The conversation attempted here is important, I agree, and yes, I am planning to publish things related to it, and growing out of it. I am finishing up a sequence of essays on  Greek theory of knowing — a theory of the irreducibly many ways of knowing on which liberal arts education was originally based — working out of the Greek texts of Plato and Aristotle, but surveying the entire course of the arts & sciences (liberal arts) tradition in Western history and more broadly. These essays are addressed primarily to literary theorists in my own field, but I try to keep the natural scientists and mathematicians always in view as well. So I discuss elegant paradigms for disciplined knowing taken from Galileo and Newton, and from geometry and mathematics, as well as linguistics and poetics.

If these essays help to initiate the kind of respectful conversation between the ways of knowing that we all would love to see, then I will go back to finishing my book, which is addressed to a more general audience, especially to physicists and to theists and to anyone else who cares about the liberal arts and the life of the mind, and who is saddened by the distrust and misunderstanding between “science” and “religion,” as between cultural theorists and those academics who are more scientifically oriented (including analytic philosophers like Dawson and Searle).

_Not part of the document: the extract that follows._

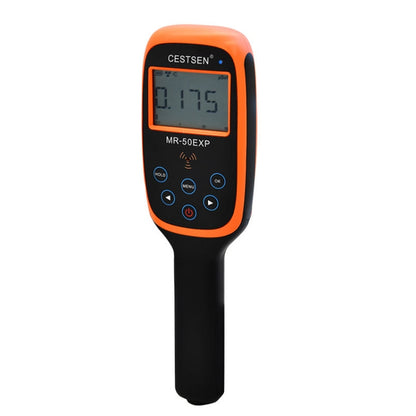 Nuclear Radiation Detector Radioactive Environmental Radiation αβγX-Ray Detector,CN Plug, CESTSEN  MR-50, CESTSEN MR-50EXP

I have been working on this particular task for more than nine years now. If I had known how hard it was going to be, perhaps I might never have started. But at this point, at last, I have the arc and sweep of my larger argument worked out, and not simply various pieces of it. The work has crystalized, so to speak, and I’m happy with the essays I will begin sending out for publication this fall. [Update in 2018:  This didn’t happen. I sensed that the essays were still too narrowly focused–hence ineffective for my purposes. As it turned out, I needed to do a lot more thinking, until 2018, to understand how to show that they were tied in the larger historical & philosophic analysis.]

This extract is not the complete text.